Entonces, una vez aceptados los instrumentos ópticos que propone el texto, lo que
sugiero es abandonarlos bajo la hipótesis de que no hay un más allá para ver, de
que este narrador / tramoyista / prestidigitador quiere hacernos desviar la mirada,
pero al mismo tiempo quiere que veamos las cosas en su propio lugar, haciendo una
lectura literal. De esta manera, la fiesta deviene algo en sí mismo pesadillesco por
acumulación y multiplicación de las series de eventos y comidas; pequeño infierno
del consumo desmedido que provoca intoxicación y decadencia en los cuerpos de
los invitados. Mucho más eficaz que una sátira, la potencia política de esta novela se
juega, entonces, a nivel de la letra, de lo específicamente literario. El consumo no se
denuncia ni se condena: se lo multiplica hasta el delirio y la monstruosidad. Sólo así
podremos apreciar la deformación de los cuerpos: de ese personaje que
mencionamos al principio, y al que siempre le están pasando cosas por la garganta,
a continuación se dice que pareciera tener dos bocas, una para hablar y otra para
comer. Entes bicéfalos, o cuerpos seccionados como el de un invitado pura sonrisa
educada en las técnicas de marketing, y que por eso se aparece al narrador como
sonrisa separada del cuerpo, lo mismo que -menciona explícitamente- la del gato de
Alicia en el País de las Maravillas. Mujeres de rostros estirados, pero manos como
garras. En algunas reseñas periodísticas se hace referencia al barroco holandés
(con sus juegos de sombras y luces, punto de vista problemáticos y espejos) como
posibilidad de lectura que la misma novela ofrece. Es probable, pero si de pintura se
trata, establezco mejores relaciones con los cuadros de Jorge de la Vega, en
concreto con su serie norteamericana donde pintaba seres con rostro de felicidad
radiante pero cuerpos deformados como babosas o pulpos.
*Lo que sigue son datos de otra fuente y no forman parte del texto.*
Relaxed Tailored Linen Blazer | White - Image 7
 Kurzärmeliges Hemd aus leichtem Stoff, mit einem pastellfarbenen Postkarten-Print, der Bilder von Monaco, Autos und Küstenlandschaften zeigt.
Si seguimos pegados al texto, podremos ver las relaciones de poder que se
establecen en el interior de este mismo mundo de poder. Las relaciones jerárquicas
pasan no sólo por quien tiene más o menos dinero o posibilidades de movilizar
inversiones e influencias, sino que en este mundo cerrado de la fiesta, donde
solamente parecen reunirse para consumir -los negocios en realidad quedan en un
plano secundario- se establecen relaciones de saber, de un saber que, obviamente,
pasa por el consumo. El "hombre de mundo" es aquel que consume la variedad de
objetos del mundo (gastronómicos, artísticos, turísticos, tecnológicos, etc.), y que
sabe su peso, medida, nombre y valor. Julián da un primer sorbo a la copa de vino, y
luego de degustarla, anuncia solemnemente "cabernet". Disimuladamente, da vuelta
la botella, y ve que la etiqueta dice "malbec". Julián todavía no pasa del nivel de un
dilettante en materia de consumo. Por ello, Loman ocupa un puesto de poder en la
novela, no sólo porque es el anfitrión y su fortuna aparece como desmedida, sino
porque sabe más: él es el supremo consumidor que, a su modo, se ha vuelto un
especialista. Al principio del relato se lo presenta en la compra de una bodega que,
si bien para él sería un negocio económicamente menor, reclama toda su personal
atención como si se tratase de una inversión de envergadura. Su pinacoteca, como
ya se ha dicho, es específica del barroco holandés. A ella invita a un reducido grupo
de invitados, entre ellos a Pía, una curadora: "Loman se detiene un momento en
cada pintura; y en cada una, antes de decir algo, deja un cono de gentil silencio para
que Pía pueda reconocer en voz alta al autor. Julián tiene la impresión de que se
trata de un ritual que Loman ha representado muchas veces" (p. 116). Es, claro, el
ritual del examen; y se sabe que todo examen implica una relación de poder.
La antropofagia en este contexto no sería tanto un ritual ancestral o un símbolo de la
clase explotadora, sino una prolongación de la misma lógica del consumo exquisito
llevada hasta el grado de delirio perverso. Tramas de poder, entonces, entre quienes
comen y eventualmente son comidos.
Tomo y obligo. Ofrezco una lectura propia; pero también reclamo de los demás la
lectura de este texto ineludible en el panorama de la literatura argentina reciente. Es,
sin duda, un acto obligatorio, pero también de auténtico placer.